┌─ THE RECORDS

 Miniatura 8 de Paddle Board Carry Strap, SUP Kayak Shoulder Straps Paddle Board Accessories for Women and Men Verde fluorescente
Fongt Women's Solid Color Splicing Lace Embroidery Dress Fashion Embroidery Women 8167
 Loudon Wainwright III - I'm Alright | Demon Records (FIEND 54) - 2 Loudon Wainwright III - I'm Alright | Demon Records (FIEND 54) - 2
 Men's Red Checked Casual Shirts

└─
┌─ THE RECORDS

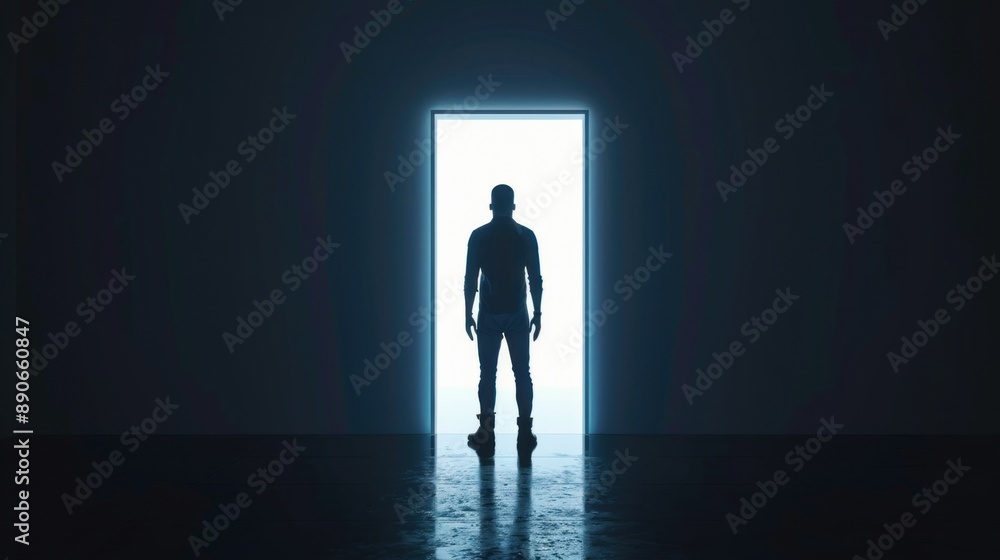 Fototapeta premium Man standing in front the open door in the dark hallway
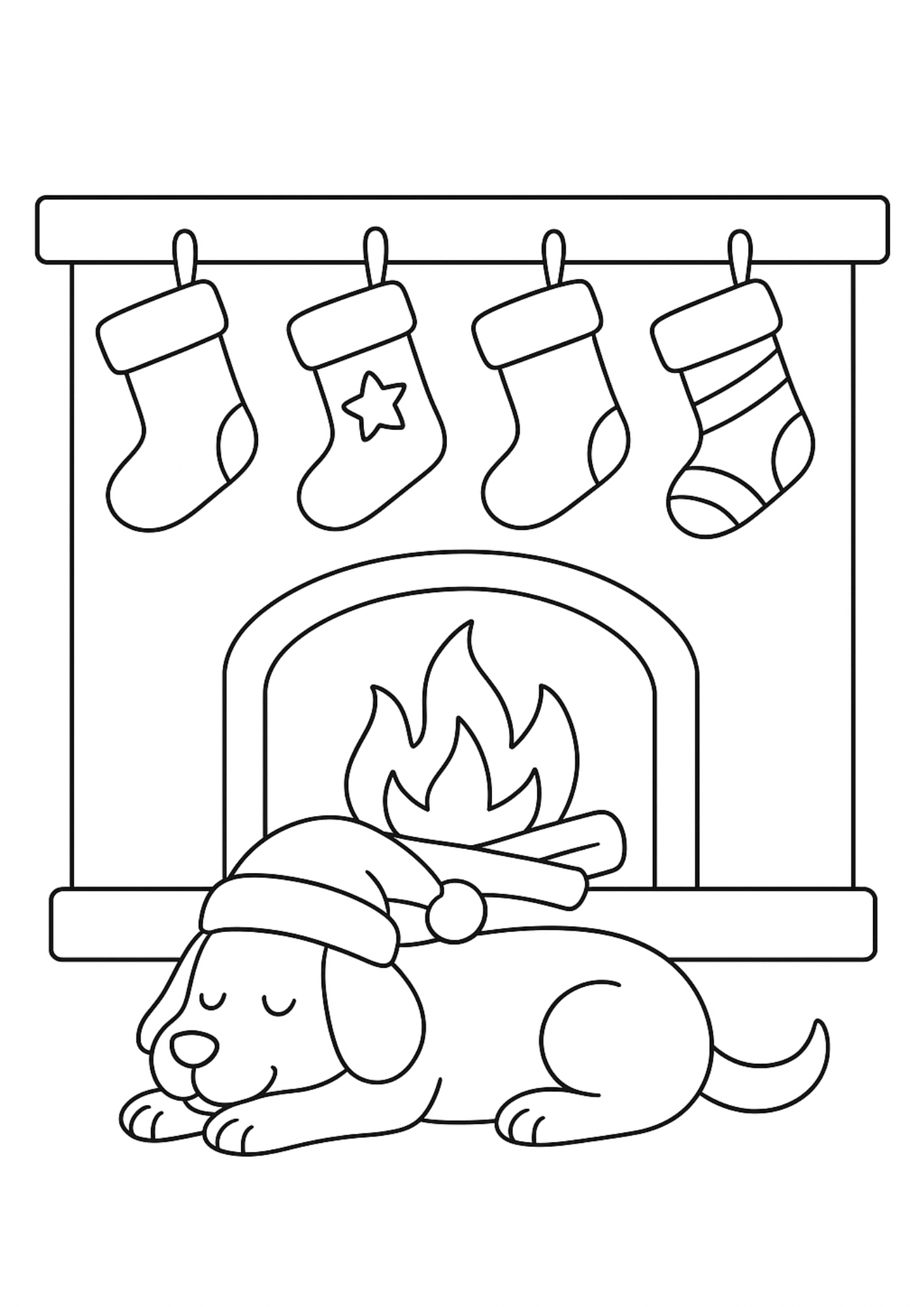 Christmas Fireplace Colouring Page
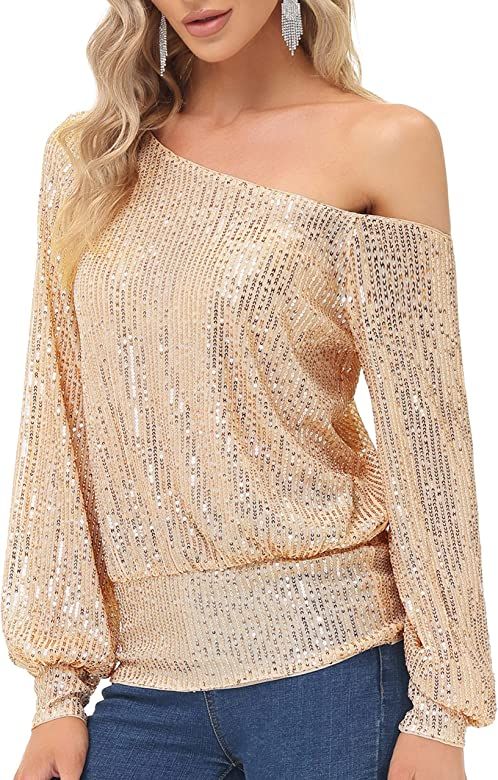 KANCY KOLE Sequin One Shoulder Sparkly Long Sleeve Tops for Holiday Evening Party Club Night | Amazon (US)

└─

DIRECTIONS:
Wherever the word "Women" turns up in the records above, copy the line that holds it.

TASK SOLUTION:
 Miniatura 8 de Paddle Board Carry Strap, SUP Kayak Shoulder Straps Paddle Board Accessories for Women and Men Verde fluorescente
Fongt Women's Solid Color Splicing Lace Embroidery Dress Fashion Embroidery Women 8167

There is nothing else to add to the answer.